- 23.11.2014 00:00
CHP Genel Başkanı Kemâl Kılıçdaroğlu, partisinin neden bu kadar ‘ortaya karışık’ halde olduğunu çözmüş. Kendisinden dinleyelim:
“Sık sık ‘AKP’nin derin devleti’ diyorum. MİT’in içindeki bir kanatla beraber CHP içinde operasyon yapmaya çalışıyorlar. Bu tuzağa da hiçbir CHP’linin düşmemesi lazım. Başta da kendisini ‘Ulusalcı’ olarak tanımlayan arkadaşların düşmemesi lazım.”
Bu sözlerde kayda değer üç nokta var. İlki, en son Dersim tartışmasında da ortaya çıktığı gibi, karşımızda en temel meselelerde dahi ortaklaşamayan, zayıf bir ana muhalefet partisi olduğudur. Ak Parti iktidarına politik alanda en büyük rakip olması gereken CHP, bu haliyle en büyük ‘demokrasi açığı’ sorunumuzdur. Bu zayıflık, en son ulusalcı kanattan önemli vekillerin CHP’den ayrılarak Anadolu Partisi çatısı altında birleşmesiyle ayyuka çıktı. Anladığım kadarıyla Kılıçdaroğlu da gündemi MİT’e kaydırmaya çalışarak, hem kendi partisindeki ulusalcılara, onları MİT’çi diye yaftalamakla gözdağı vermek istedi hem de partisinin dağınıklığını dış bir sebebe bağlayarak, parti içi hesaplaşma ve yüzleşmenin önünü almak istedi.
Peki Kemâl Bey, neden hedef olarak MİT’i seçti dersiniz? Ya da öncelikle şunu sorayım: Türkiye’de MİT’e en çok saldıran, her tür faaliyetini yasa dışı göstermeye çalışan, gerekirse yurtdışına ‘jurnalleyen’ odak deyince aklınıza ilk kim geliyor? Doğru bildiniz, hükümet MİT’i kendisine teslim etmeyince, çirkin yüzünü ilk kez 7 Şubat 2012’de açık şekilde gösteren paralel yapı. O gün, bugündür devleti ele geçirme planları kademe kademe suya düşen paralellerin birinci meselesi MİT. Yeri geldi Hakan Fidan’ı Esed’in hamisi olan İran’ın ajanı yaptılar, yeri geldi Esed’e karşı savaşan muhaliflere giden yardım tırlarını durdurarak El Kaide’ye destek veren kurum görüntüsü vermeye çalıştılar. Ancak herbir operasyonları teker teker suya düşünce de, bu sefer iç politika üzerinden MİT’e saldırmaya devam ediyorlar.

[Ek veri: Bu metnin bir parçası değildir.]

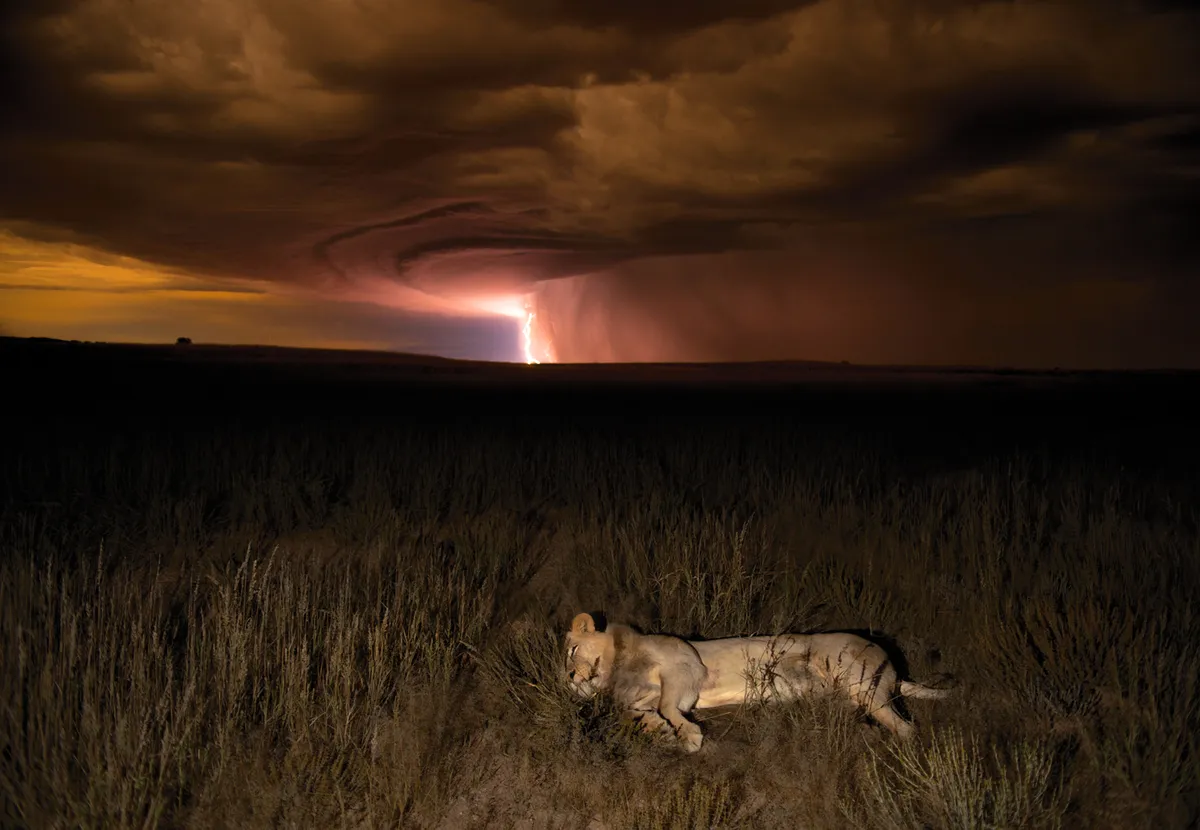 An African lion in Kgalagadi Transfrontier Park, Kalahari, South Africa. © Hannes Lochner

İşin komik yanı, bu yakınmada bulunan kişiyle, kendisi de bir kaset oyunuyla partisi karıştırılıp, dizayn edildikten sonra genel başkan olan kişinin, 17-25 Aralık’tan bu yana artan biçimde paralel istihbarat hattına bağlı yaşayan kişinin, kendisine sızdırılan yasadışı kasetleri meclis kürsüsünden dinleterek Ak Parti’yi dizayn edebileceğini zanneden kişinin aynı olması. Gerçi belki de Kılıçdaroğlu tam da bu sebeple MİT’ten müştekidir, kim bilir…
Bu arada Kılıçdaroğlu’nun iddiası da ‘zaman ayarlı’. Bu hafta içerisinde, değişen MİT Kanunu çerçevesinde meclis denetimine giren MİT’in, meclisteki dört partinin üyelerinden oluşan komisyonla yapacağı ilk toplantı gerçekleşmesi bekleniyor. Böylelikle hem meclis denetimine giren MİT’in hem de istihbari faaliyetleri direkt olarak sorgulama yetkisine sahip olan TBMM’nin prestijinin artması ve iki kurum arası işbirliğinin ülke menfaatleri çerçevesinde pekiştirilmesi söz konusu olacak. Bu bağlamda değerlendirildiğinde, Kılıçdaroğlu’nun sözlerine paralel frekansın karıştığını düşünmemek zor.
MİT’in, ‘Ak Parti’nin derin devleti’ olduğuna dair emareler nedir, bununla MİT’in olması gerektiği gibi hükümet denetimine girmesi mi kast ediliyor, bilmiyorum. Ancak bundan evvel Kılıçdaroğlu’nun ‘paralel devletin partisi’ne dönen kendi partisine bakmasında fayda var.